### ABOUT THIS EXERCISE
Each line from the one containing "Vintage Wooden Hourglass" to the end of the data must be copied exactly, the first and last included; no other lines and no pictures belong in the copy.

---------- RECORDED INFORMATION

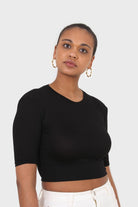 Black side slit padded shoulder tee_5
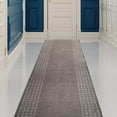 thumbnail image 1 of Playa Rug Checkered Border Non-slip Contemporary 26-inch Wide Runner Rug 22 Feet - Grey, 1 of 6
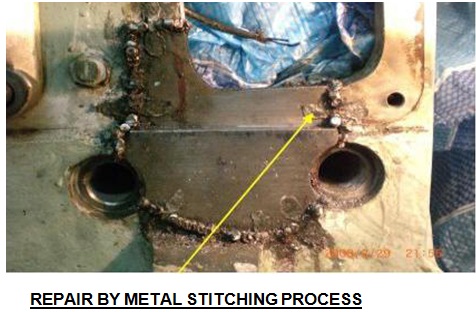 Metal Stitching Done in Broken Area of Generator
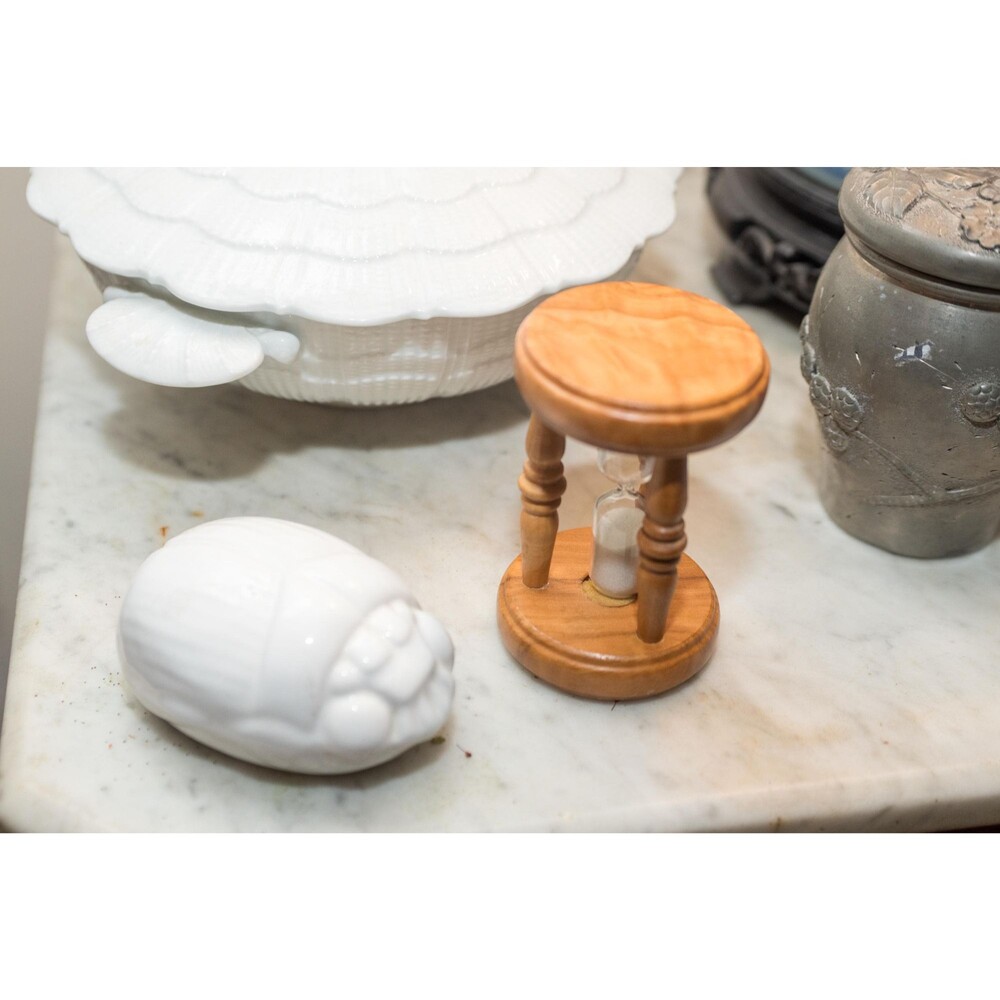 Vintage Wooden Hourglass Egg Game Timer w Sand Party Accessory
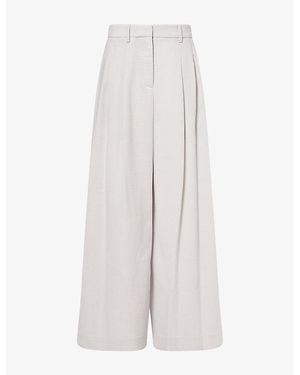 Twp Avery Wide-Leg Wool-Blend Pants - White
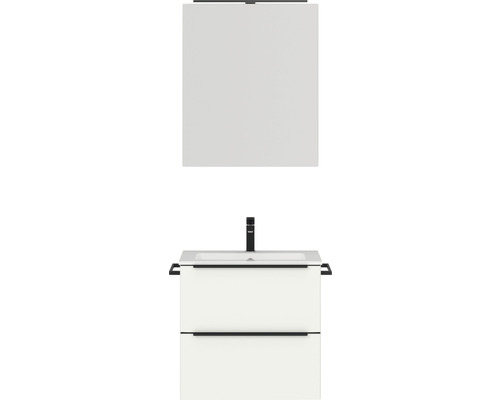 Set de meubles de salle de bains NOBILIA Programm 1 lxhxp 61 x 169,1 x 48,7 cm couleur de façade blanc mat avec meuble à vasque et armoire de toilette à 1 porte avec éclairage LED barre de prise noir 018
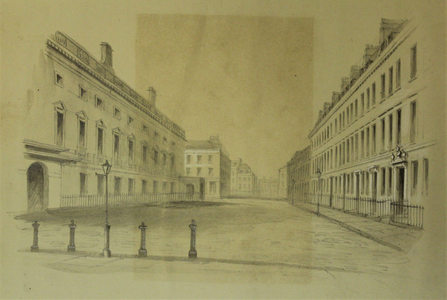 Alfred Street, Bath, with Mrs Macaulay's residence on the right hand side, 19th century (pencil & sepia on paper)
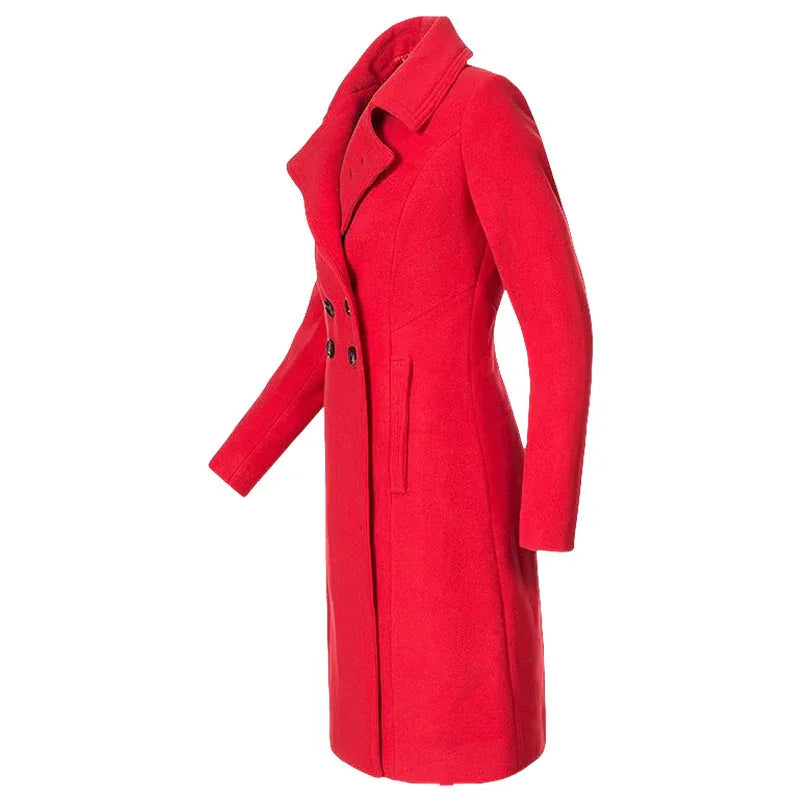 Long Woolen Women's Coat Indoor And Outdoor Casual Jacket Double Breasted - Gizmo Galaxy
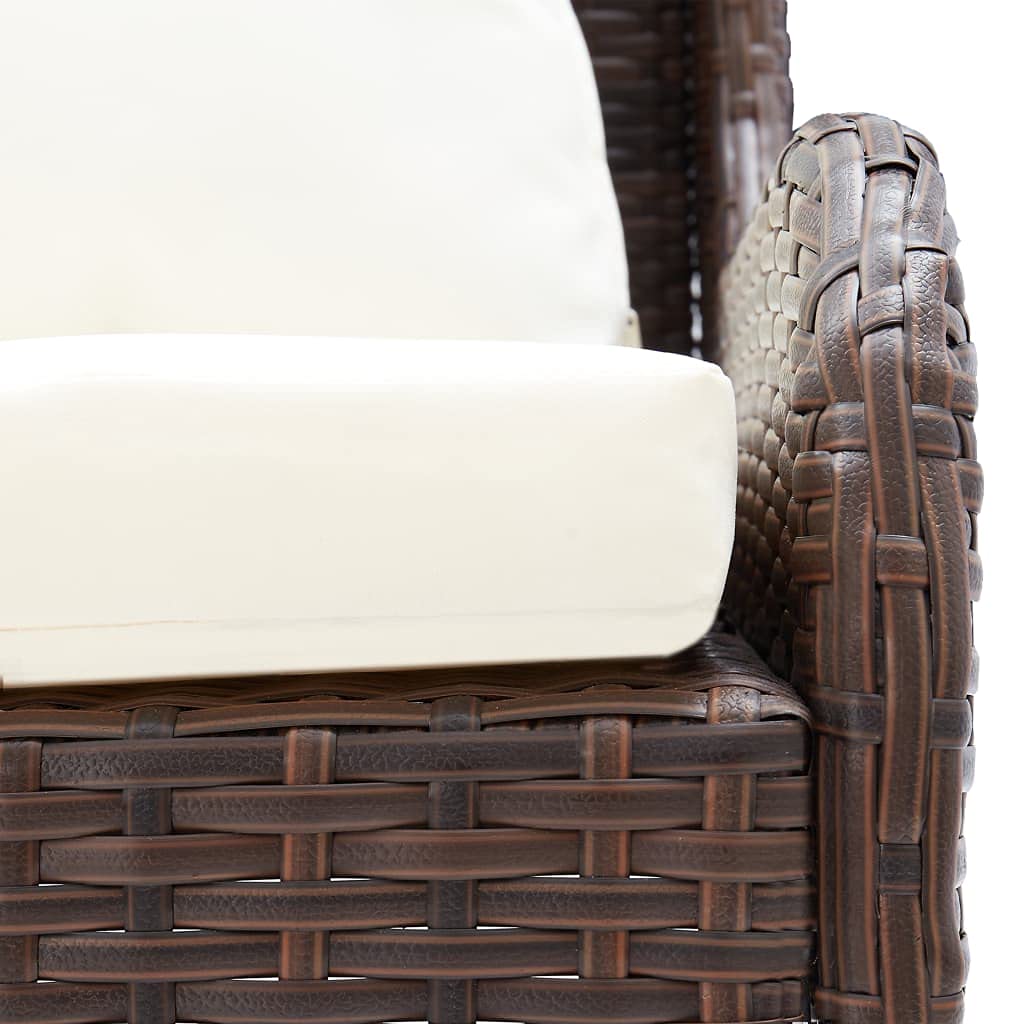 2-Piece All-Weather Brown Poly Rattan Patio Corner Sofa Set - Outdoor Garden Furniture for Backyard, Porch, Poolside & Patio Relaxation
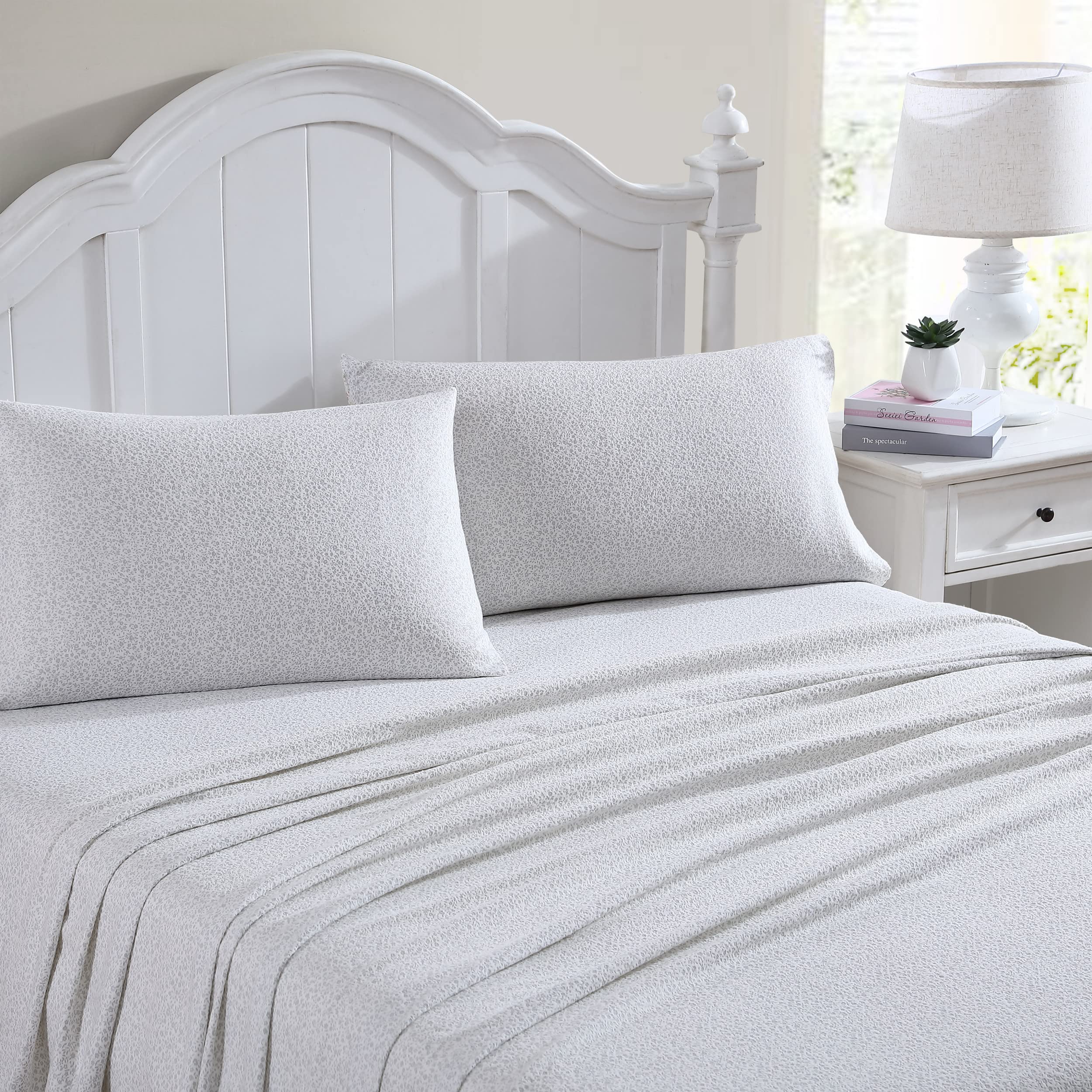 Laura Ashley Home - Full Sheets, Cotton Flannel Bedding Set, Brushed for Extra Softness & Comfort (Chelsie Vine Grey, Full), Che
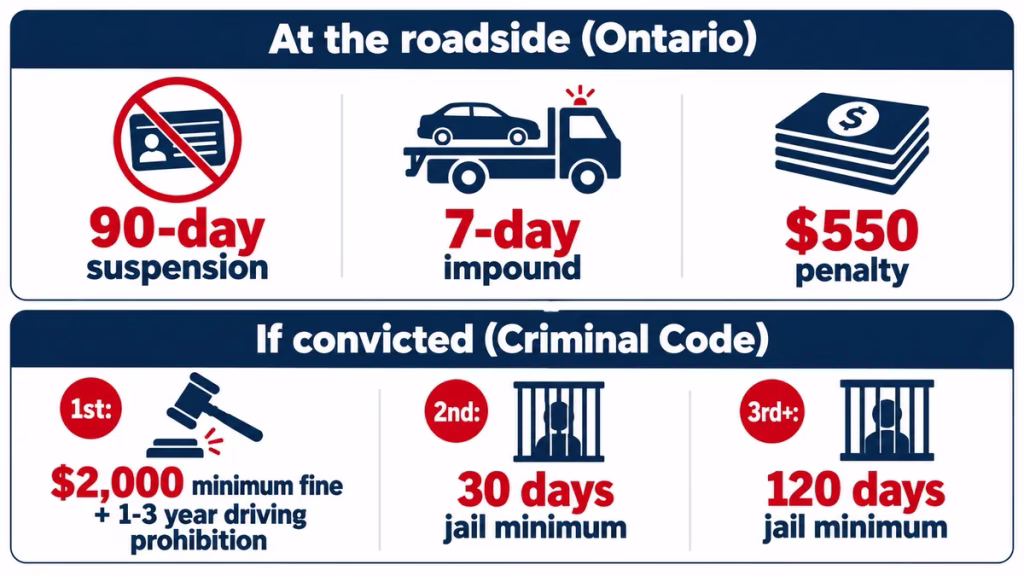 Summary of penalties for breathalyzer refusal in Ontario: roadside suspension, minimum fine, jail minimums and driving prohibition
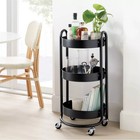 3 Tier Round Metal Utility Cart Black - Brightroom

--------------------

### RESULT
 Vintage Wooden Hourglass Egg Game Timer w Sand Party Accessory
 Twp Avery Wide-Leg Wool-Blend Pants - White
 Set de meubles de salle de bains NOBILIA Programm 1 lxhxp 61 x 169,1 x 48,7 cm couleur de façade blanc mat avec meuble à vasque et armoire de toilette à 1 porte avec éclairage LED barre de prise noir 018
 Alfred Street, Bath, with Mrs Macaulay's residence on the right hand side, 19th century (pencil & sepia on paper)
 Long Woolen Women's Coat Indoor And Outdoor Casual Jacket Double Breasted - Gizmo Galaxy
 2-Piece All-Weather Brown Poly Rattan Patio Corner Sofa Set - Outdoor Garden Furniture for Backyard, Porch, Poolside & Patio Relaxation
 Laura Ashley Home - Full Sheets, Cotton Flannel Bedding Set, Brushed for Extra Softness & Comfort (Chelsie Vine Grey, Full), Che
 Summary of penalties for breathalyzer refusal in Ontario: roadside suspension, minimum fine, jail minimums and driving prohibition
 3 Tier Round Metal Utility Cart Black - Brightroom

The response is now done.